2) It’s true that the hourly rates have increased since the old Carsharing Portland days, but there’s no longer a $10/month membership fee, and the old $0.40/mile mileage charge went away. It’s also true that CSP was on its last legs, mostly because it didn’t charge anywhere close enough to recover its costs, when Flexcar purchased it. And finally, a higher hourly charge discourages people from holding onto a car all day without actually using it. At $9/hour, people bundle their errands and return the cars, thus allowing more people to use the same vehicle.
3) The research done by the TRB is worth reading. It’s also worth trying Flexcar, if you’re skeptical or if you haven’t used it in a few years. If you don’t have a car now, you will undoubtedly drive somewhat more, but nowhere near as much as if you own a car, because at $9 an hour, you’ll have a strong incentive to drive more judiciously than if you own a car.
4) Portland isn’t unique in providing free on-street spaces to carsharing companies. DC and Arlington do, and many other cities are actively considering it.

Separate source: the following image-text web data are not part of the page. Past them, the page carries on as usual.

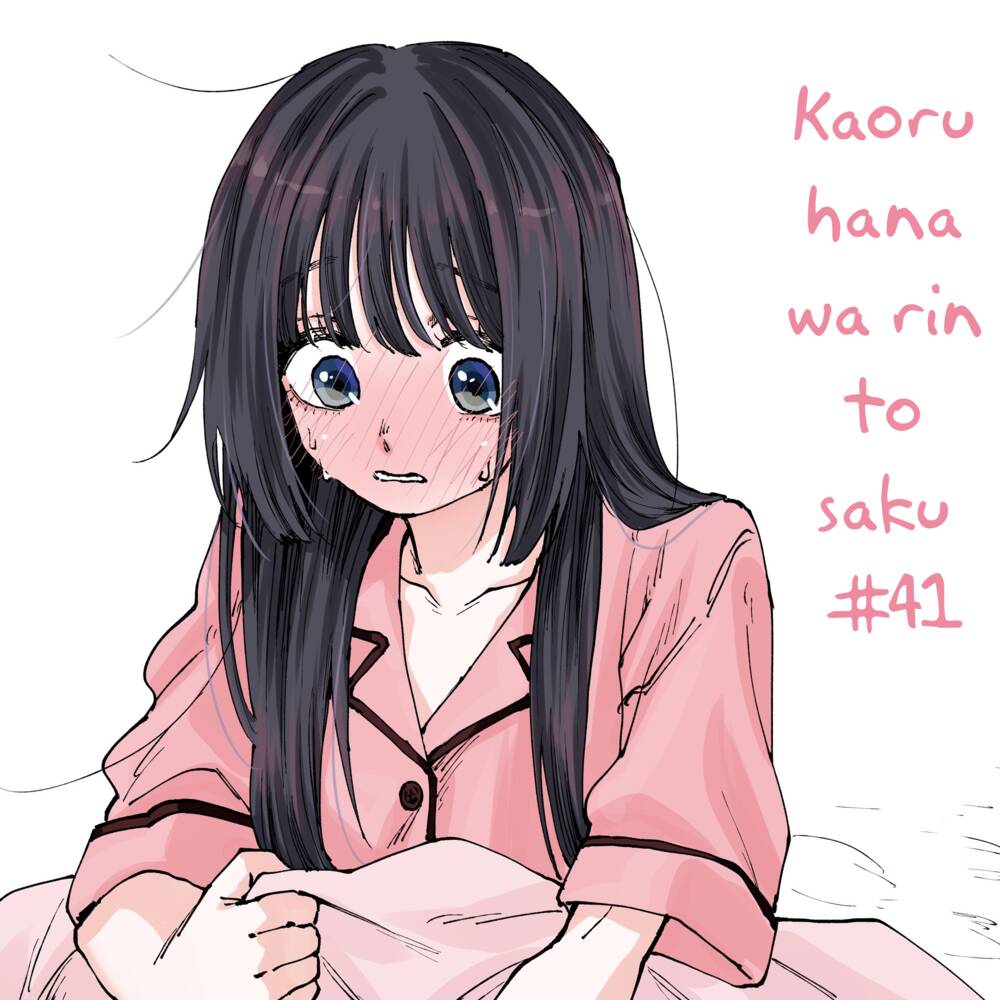 The Fragrant Flower Blooms With Dignity - Kaoru Hana Wa Rin To Saku - Chapter 41 - Page 26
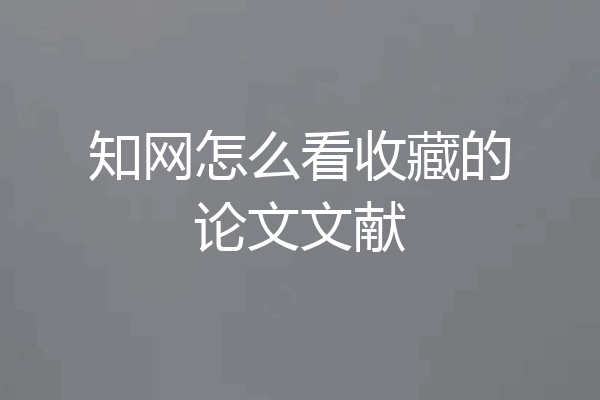 知网怎么看收藏的论文文献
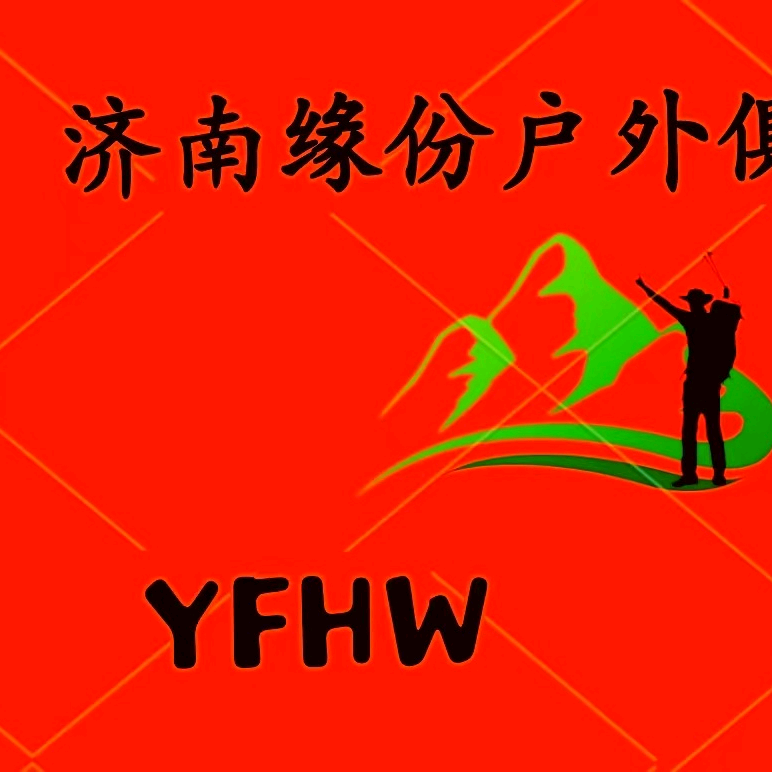 济南缘份户外俱乐部🔥🥈 群聊头像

5) The TRB report — which may not be “scientific,” but it’s the most comprehensive study that has been done on the topic — calculated that every carshare vehicle put into service results in 14.9 fewer cars on the road. This is largely due to the fact that Flexcar members can ride transit, bicycles or walk to work downtown EVERY day, even if they will be needing a car for workday errands, meetings or appointments. So they sell the car that normally sits at home, which is either a second car, or their only one.
6) Flexcar did an informal survey of our members a few years back, and a majority of respondents who regularly used the service said that they had either avoided buying a new car, or sold a car since joining. AAA estimates that it costs about $8000 to own a comparable car, so this keeps a lot of money circulating in the community.